The State Education Department
State Review Officer
Application of a CHILD WITH A DISABILITY, by his parent, for review of a determination of a hearing officer relating to the provision of educational services by the Board of Education of the City School District of the City of New York
Ben M. Arai, Esq., attorney for petitioner
Hon. Paul A. Crotty, Corporation Counsel, attorney for respondent, Robert J. Cicero, Esq., of counsel
Petitioner appeals from an impartial hearing officer's determination to proceed with a hearing, in petitioner's absence. The hearing officer found that petitioner was aware that the hearing would be held, and that petitioner had failed to offer a legally sufficient excuse for her failure to attend the hearing. Petitioner contends that she was physically incapacitated at the time of the hearing because of injuries which she had received in an automobile accident. She asks that the hearing officer's decision that petitioner was not entitled to receive an independent evaluation of her child, at respondent's expense, be annulled. Based upon evidence not available as of the date of the hearing but which was submitted with the petition in this matter, the appeal is sustained.

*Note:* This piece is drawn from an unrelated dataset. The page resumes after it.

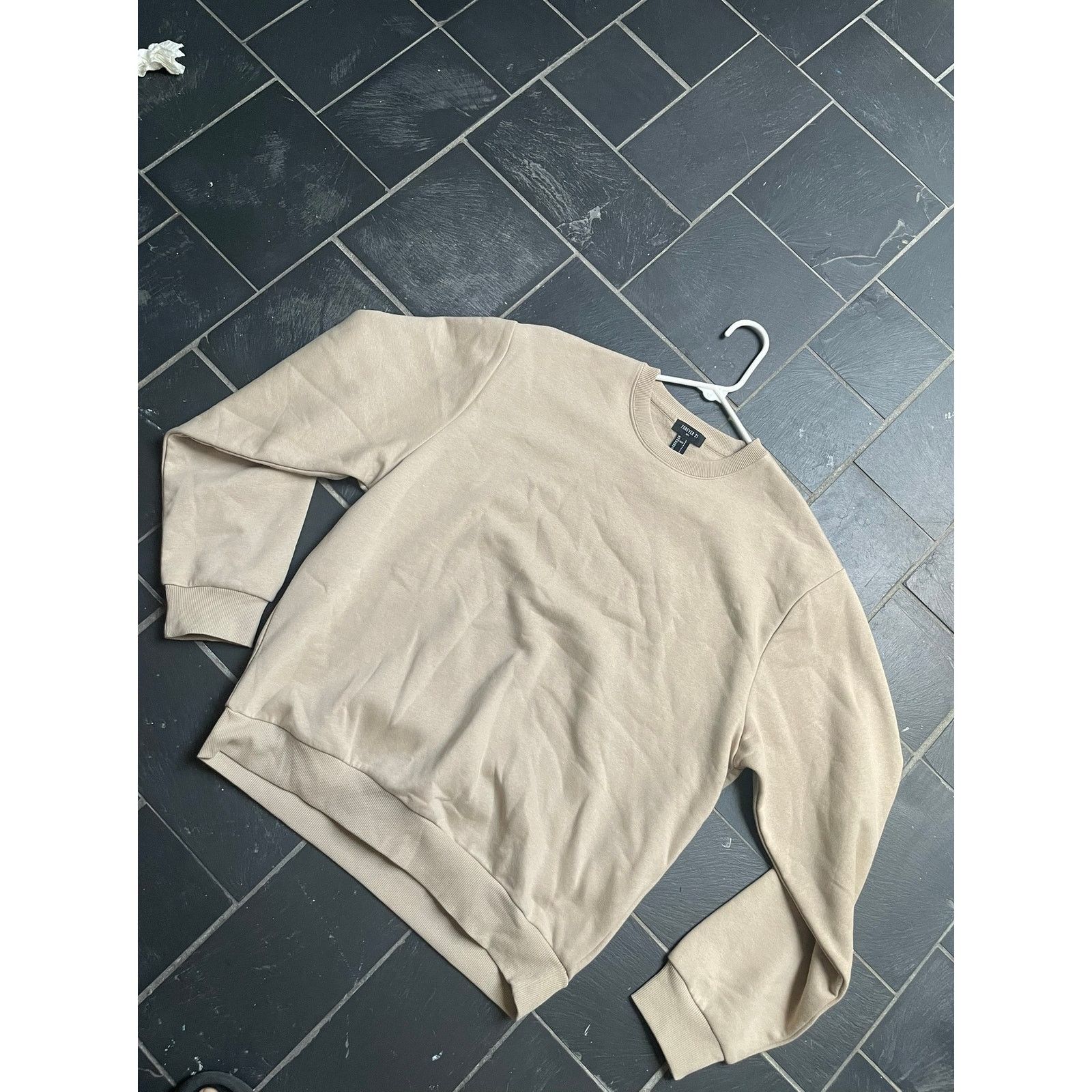 Forever 21 Beige Tan Crewneck Sweater Size Medium Size US M / EU 48-50 / 2 - 2 Thumbnail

Petitioner's son is 14 years old. In April, 1994, respondent's committee on special education (CSE) recommended that the child be classified as learning disabled, and that the child receive resource room services while enrolled in the seventh grade of Intermediate School 74. In a prior proceeding, petitioner challenged the validity of a purported CSE annual review of the child in November, 1994. The annual review was found to be a nullity by an impartial hearing officer. Petitioner's appeal from the hearing officer's decision was dismissed on the ground that she was not aggrieved by the hearing officer's decision (Application of a Child with a Disability, Appeal No. 95-45).

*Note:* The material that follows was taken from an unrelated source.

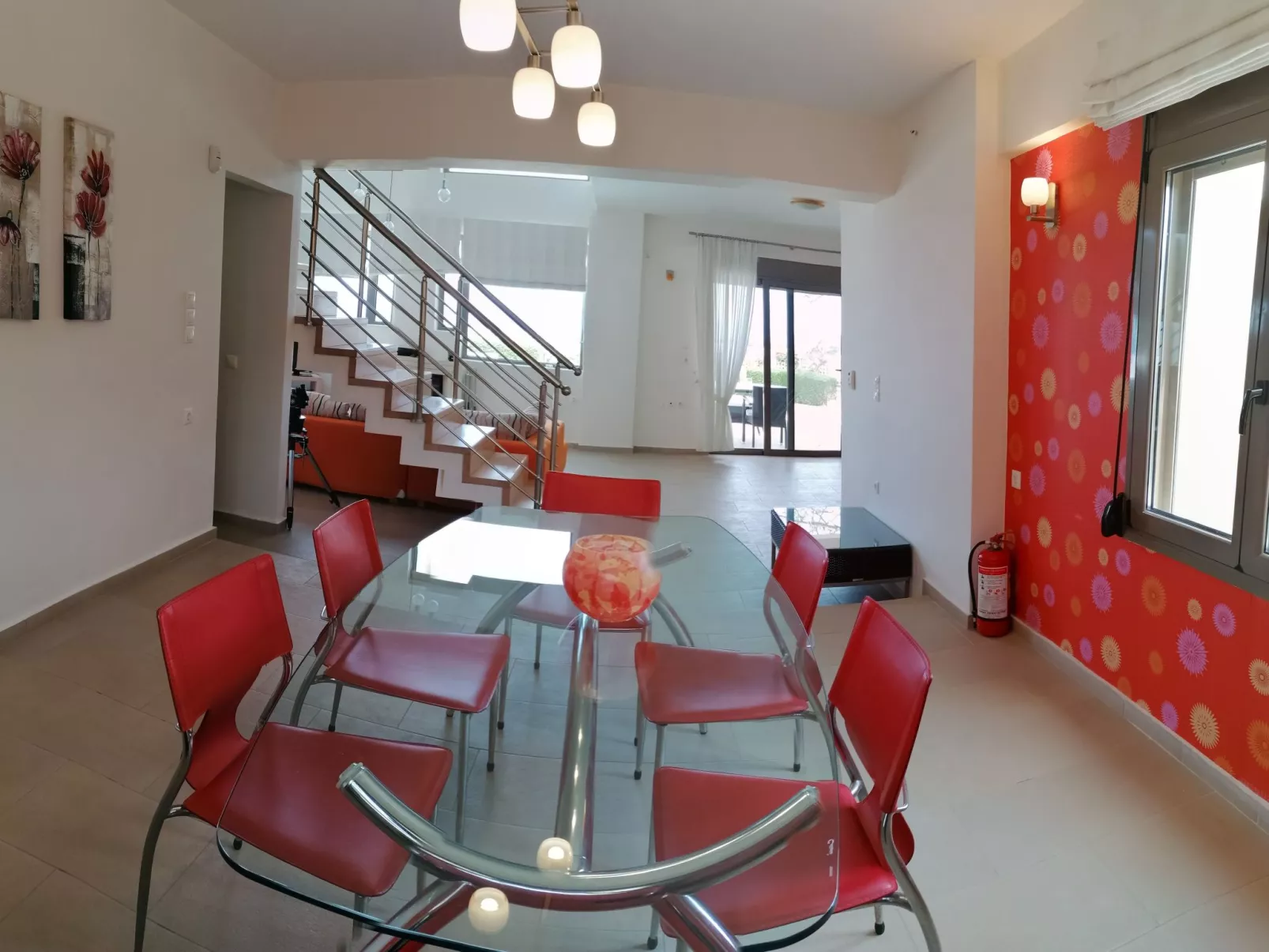 Villa Irini - 3-Schlafzimmer-Villa mit privatem Pool-Inside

This proceeding arises from petitioner's request for an independent evaluation of her son, at respondent's expense. In a letter to the CSE, dated February 10, 1995, petitioner asked for a CSE meeting to discuss whether she could obtain independent neurological and psychiatric evaluations of the child. She also asked the CSE to pay for an independent review of the CSE's April, 1994 evaluation of the boy. The record does not reveal whether the requested CSE meeting was held. During the period between March 22, 1995 and April 13, 1995, the child was independently evaluated at the School Problems Center of the Mount Sinai Medical Center, in New York City.

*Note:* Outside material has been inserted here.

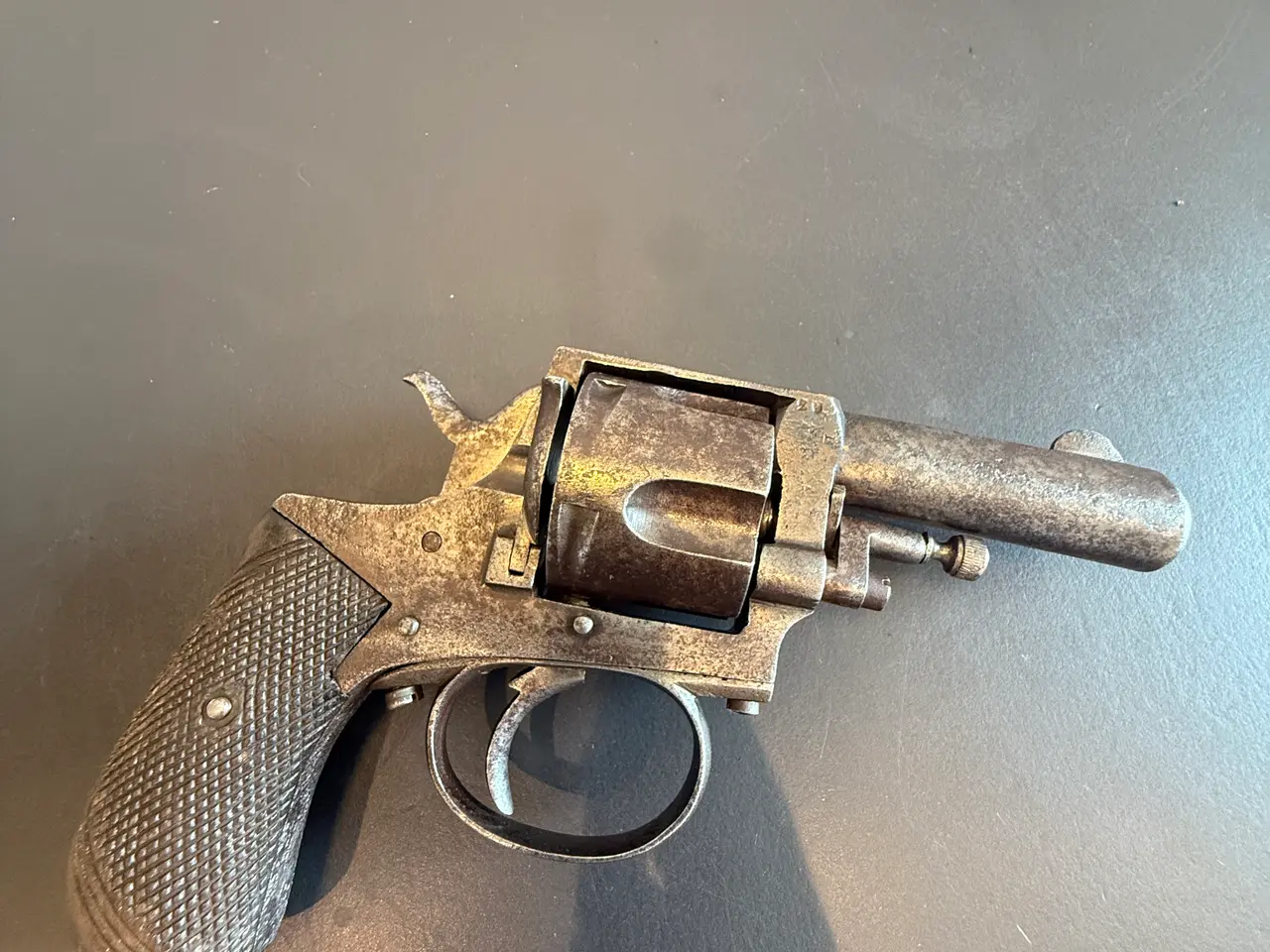 Billede 5 - Belgisk Bulldog revolver ca. 1880 – defekt – kræve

Federal and State regulations provide that the parents of a child with a disability are entitled to obtain an independent educational evaluation at public expense, if they disagree with the school district's evaluation. However, their right to an independent evaluation at public expense is subject to the right of the school district to initiate a hearing to demonstrate the appropriateness of its evaluation. If a hearing officer finds that the school district's evaluation of the child was appropriate, the parent may nevertheless obtain an independent evaluation, but not at the school district's expense (34 CFR 300.503; 8 NYCRR 200.5 [a][vi][a]).
Respondent initiated a hearing to demonstrate the appropriateness of its CSE's evaluation of the child. In a decision dated May 22, 1995, and amended on June 23, 1995, an impartial hearing officer dismissed respondent's request for a hearing, without prejudice, because the Board of Education was reportedly not prepared to go forward with the presentation of its case. On June 24, 1995, respondent renewed its request for a hearing. A hearing was scheduled to begin on July 13, 1995.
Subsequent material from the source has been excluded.